**** Data ****

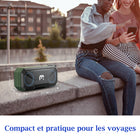 MyBat - Enceinte d'extérieur sans fil, portable, robuste et étanche - Vert armée-Dimensions du haut-parleur : 8,07 po (longueur) x 2,64 po (largeur) x 3,35 po (hauteur)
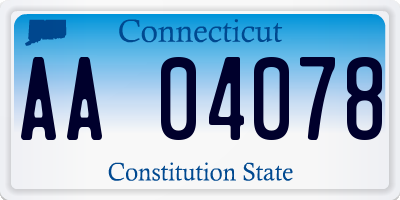 CT license plate AA04078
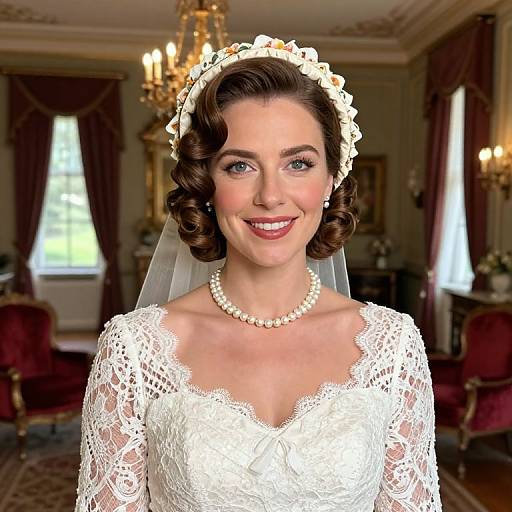 Photograph of a smiling bride with curly brown hair, white lace wedding dress, pearl necklace, and floral headband, in an elegant, warmly-l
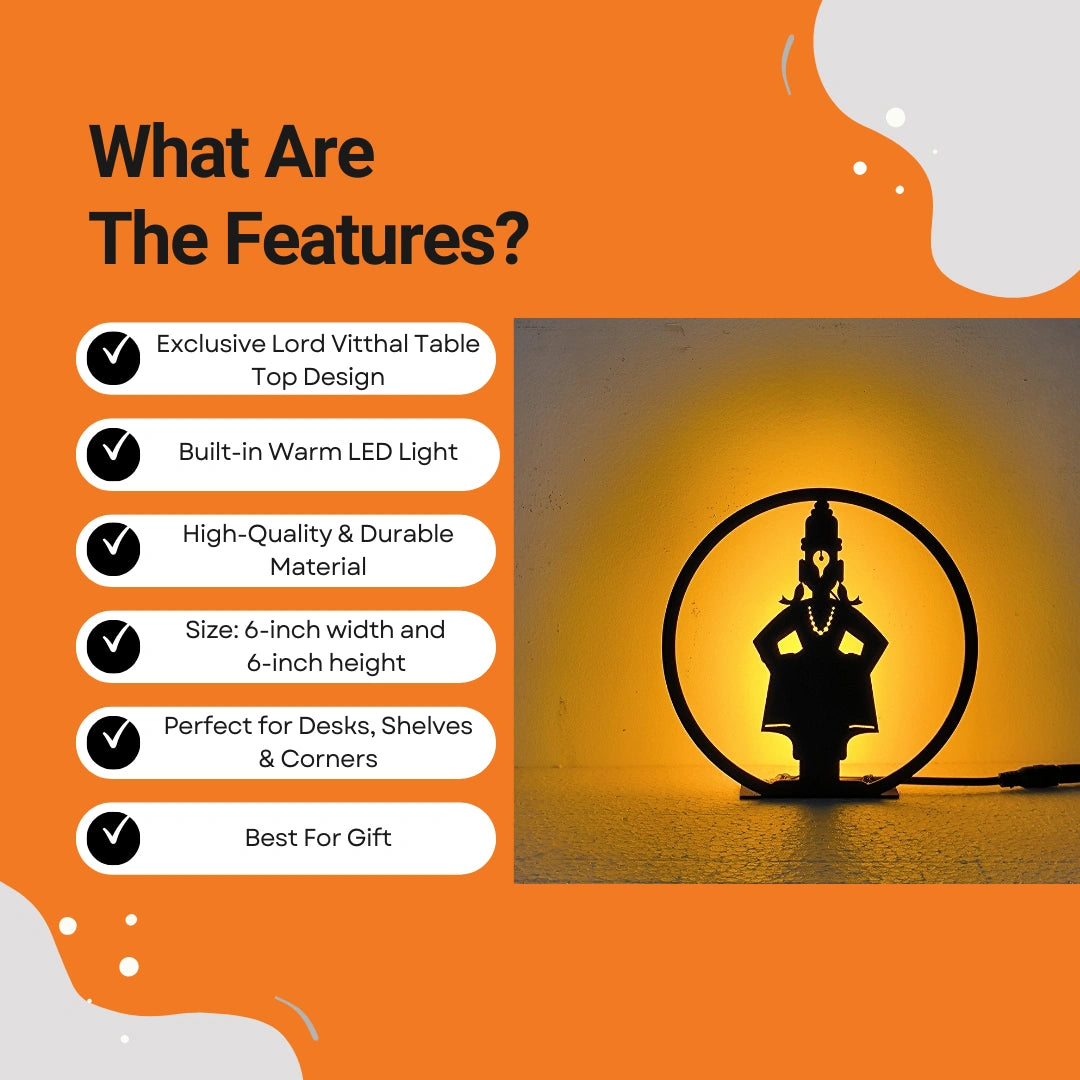 Lord Vitthal Table Lamp features infographic showing warm LED, durable material, 6-inch size, and gift use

****

● Brief:
Please restate the whole listing exactly, without any of its pictures.

● Completed task:
 MyBat - Enceinte d'extérieur sans fil, portable, robuste et étanche - Vert armée-Dimensions du haut-parleur : 8,07 po (longueur) x 2,64 po (largeur) x 3,35 po (hauteur)
 CT license plate AA04078
 Photograph of a smiling bride with curly brown hair, white lace wedding dress, pearl necklace, and floral headband, in an elegant, warmly-l
 Lord Vitthal Table Lamp features infographic showing warm LED, durable material, 6-inch size, and gift use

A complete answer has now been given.